On nous demande parfois de préciser quel est le rapport entre le Parti des indigènes et les quartiers populaires. La réponse est simple : un parti des indigènes doit être un parti des quartiers populaires et un parti des quartiers populaires doit être un parti des indigènes.
Mais voyons cela plus précisément car il y a beaucoup de confusion sur la signification de l’expression « parti des quartiers populaires » ou « des banlieues ». Demain, en effet, d’autres organisations peuvent se réclamer des cités ou s’autoproclamer parti des quartiers, sans avoir pour autant une politique qui s’appuie sur les intérêts fondamentaux des habitants des quartiers.

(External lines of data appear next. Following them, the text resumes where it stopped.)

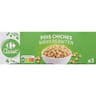 Carrefour classic' pois chiches 3x130g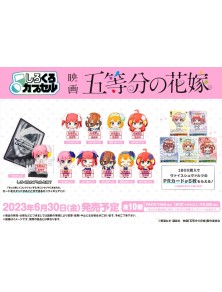 The Quintessential Quintuplets Shiro Kuro Capsul Trading Figures 10-Pack 4 Cm Bushiroad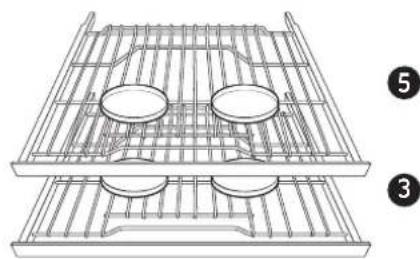 Dacor DOP48C96DLM - Using the Oven Racks - 3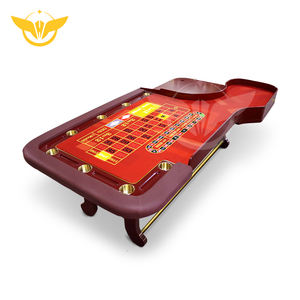 YH Entertainment製 カスタム プロフェッショナル 木製 電子カジノ ルーレットテーブル 販売中 - Product Image 6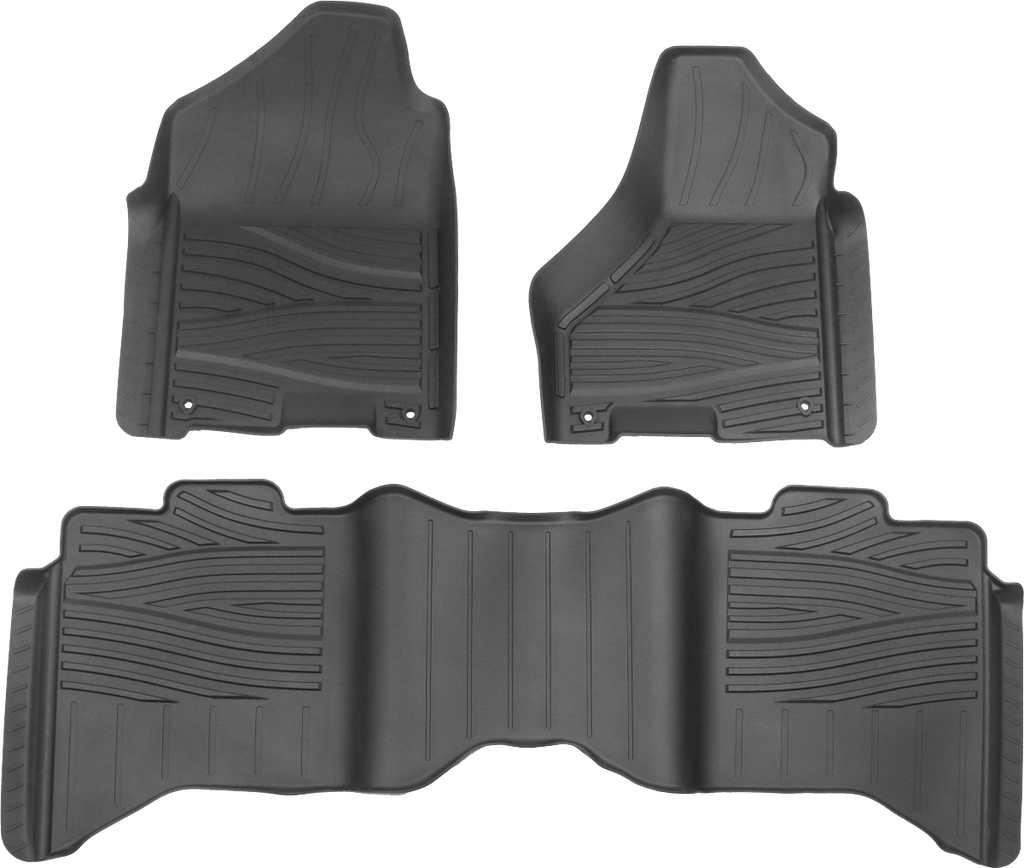 Dodge RAM 3500 Floor Mats – Bison Tonneau Covers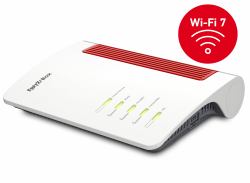 Box FRITZ! 4690 wireless router Dual-band [2.4 GHz / 5 GHz] Red, White 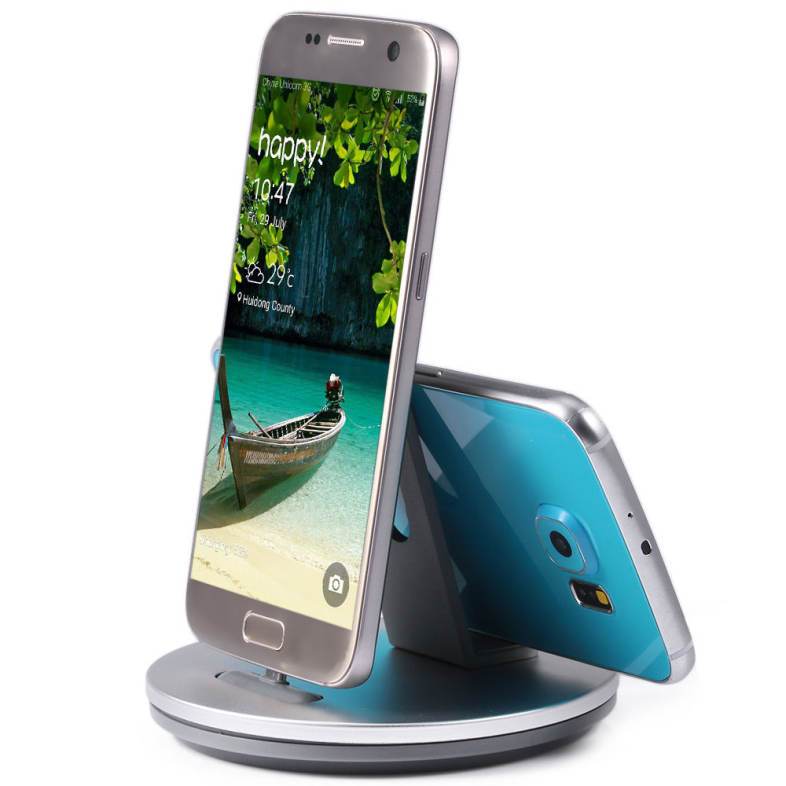 HOCO CW1 Mobile Phone Charging Holder with Micro USB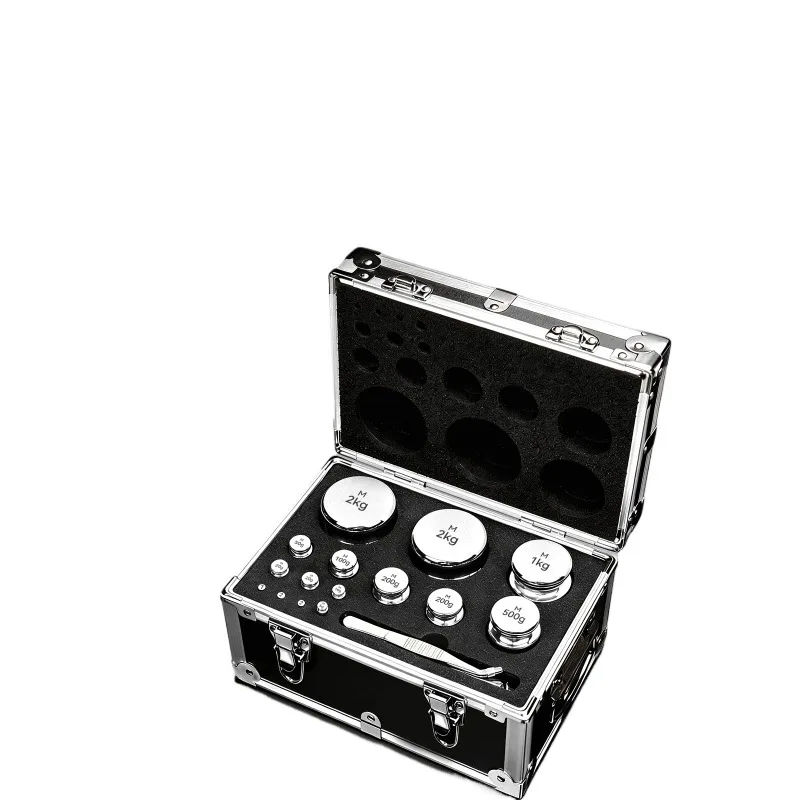 For standard weight set, balance electronic scale, laboratory weight calibration 500g100g200g50g method size set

1°) Un parti des indigènes n’existe pas en dehors des quartiers
En effet, la grande majorité des indigènes vit et lutte dans les quartiers. On peut même ajouter que de nombreux Blancs qui vivent dans les cités populaires sont traités comme des indigènes et sont, en quelque sorte, indigénisés. Par conséquent, un parti qui aspire à devenir un instrument de lutte des indigènes, qui voudrait les organiser, les unir, et les représenter sur le plan politique, doit nécessairement s’enraciner dans les quartiers.
Certains partis disent vouloir représenter les habitants des quartiers, ils considèrent la population des quartiers populaires comme un simple réservoir de voix, ils sont incapables d’avoir un discours qui prend en compte leurs considérations profondes d’un réel changement dans ces quartiers. Par ailleurs ces partis envoient leurs militants y diffuser des tracts ou y faire des meetings. Mais cela n’a aucun sens car un vrai parti des quartiers doit être le produit des résistances de ceux qui y vivent. C’est bien sûr le cas du PIR dont la majeure partie des adhérents vivent et agissent dans des quartiers. Leur légitimité politique, ils la tirent pour commencer de leur vécu et de leur action quotidienne sociale, culturelle ou politique dans les quartiers.
Le PIR est le seul parti politique en France qui permet aux habitants des quartiers de s’organiser dans le parti à partir de leurs propres références spirituelles et culturelles ; pour la première fois en France on peut adhérer à un parti sans abandonner sa culture ou sa religion comme c’est souvent le cas pour les partis politiques français.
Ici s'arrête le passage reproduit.